American corporations have more than a trillion dollars U.S. held offshore, in part because of the 35 percent tax rate that money would be subject to only when it is repatriated. Apple alone has more than $100 billion outside the U.S., and the company has borrowed money from bond markets in the U.S. and Europe rather than pay the repatriation tax.
No agreement has been reached, but Reuters reported that consensus is building for a new holiday based in part on the needs of the Highway Trust Fund. The last corporate tax holiday was in 2004, when U.S. companies were allowed to repatriate money for just 5.25 percent.
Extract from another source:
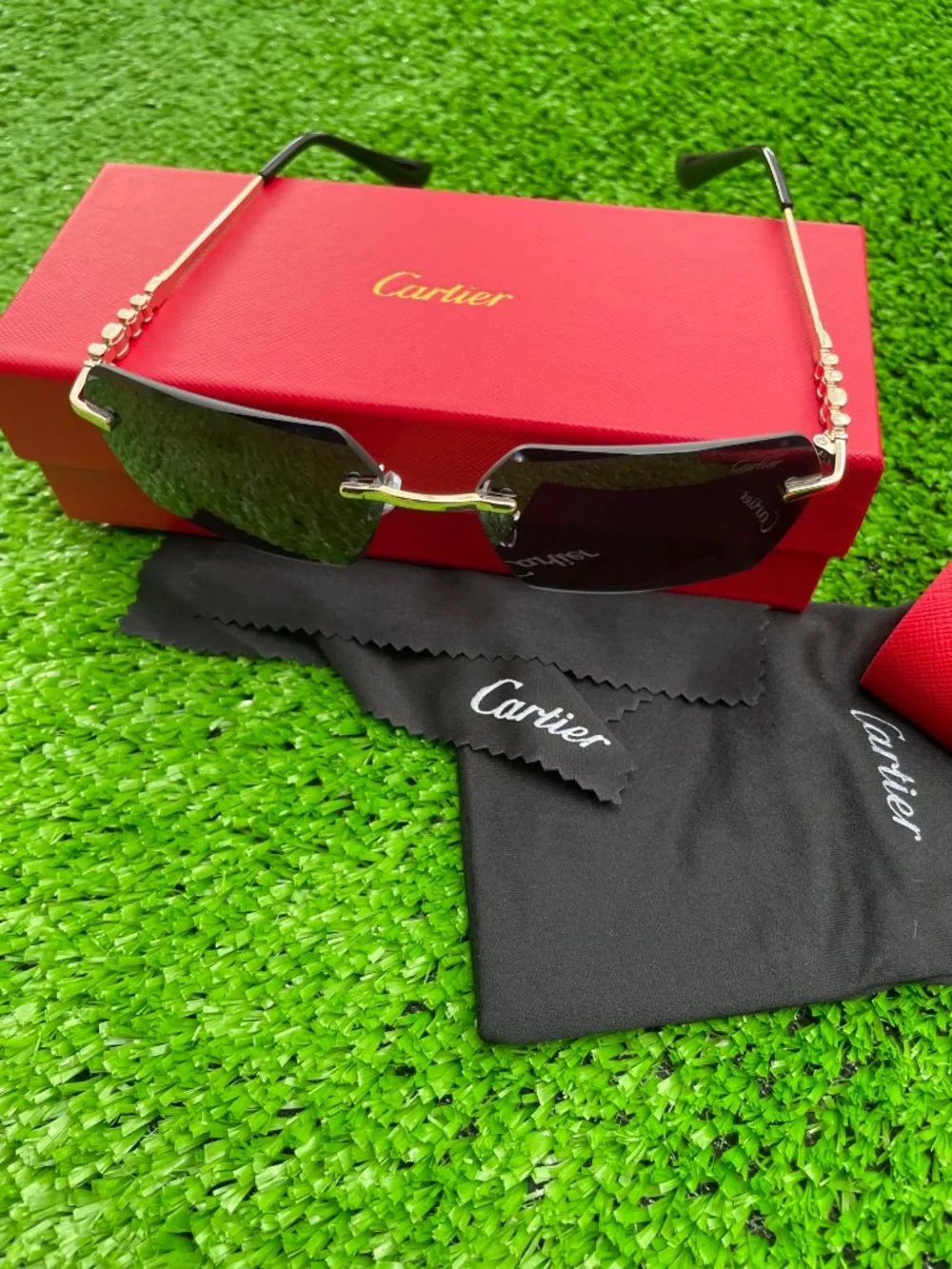 Cartier sophisticated men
The results of that tax holiday have played a role in their not being another since. It was billed at the time as a way for U.S. companies to bring money back to the U.S. so that they could invest it in new opportunities. In reality, almost all of the money was used in stock buybacks and stock dividends, rather than reinvestment, and the effort was viewed as an exercise to enrich investors rather than the U.S. as a whole.
Reuters was short on specifics, but one way of dealing with that aspect of a tax holiday would be to pair the holiday with caps placed on interest deductions so that the U.S. Treasury would see a net gain on the deal. In the end, the need to infuse the U.S. Highway Trust Fund without raising taxes—an impossibility in the current political climate in the U.S.—may be the deciding factor.